### Given material
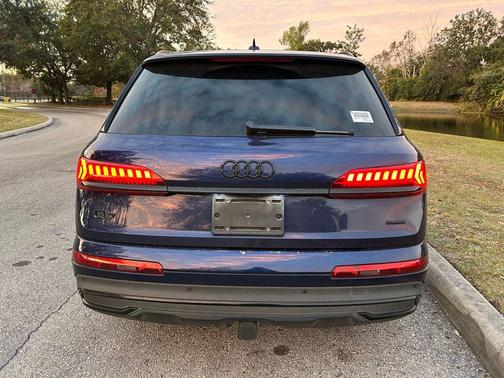 2020 Audi Q7 55 Prestige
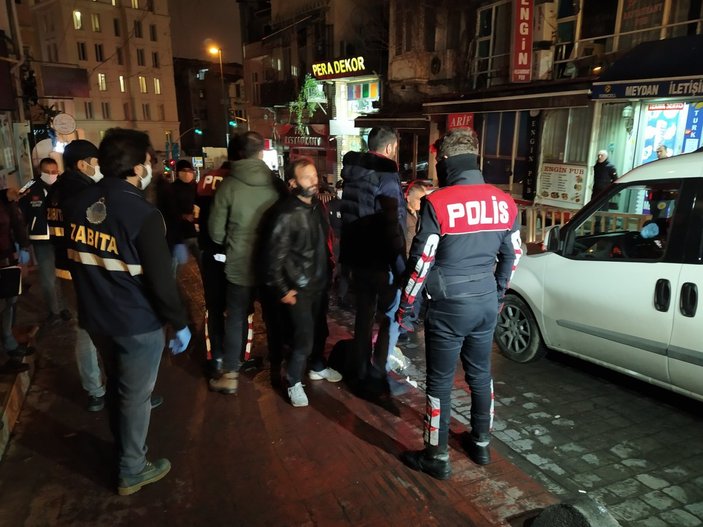 İstanbul'da yasağa uymayan 2 dernekte 20 kişi toplandı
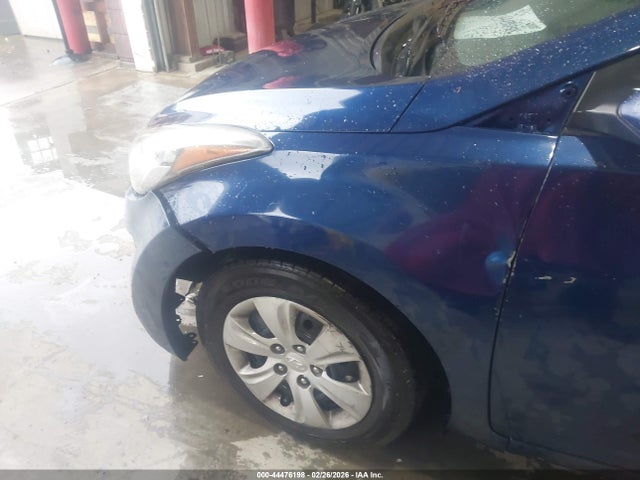 2016 Hyundai Elantra Se მანქანა იყიდება აუქციონზე, vin: 5NPDH4AE8GH702060, აუქციონის ნომერი: 44476198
######
**What to produce:** The whole listing, pictures excluded, should be output exactly.

**Response area:**
 2020 Audi Q7 55 Prestige
 İstanbul'da yasağa uymayan 2 dernekte 20 kişi toplandı
 2016 Hyundai Elantra Se მანქანა იყიდება აუქციონზე, vin: 5NPDH4AE8GH702060, აუქციონის ნომერი: 44476198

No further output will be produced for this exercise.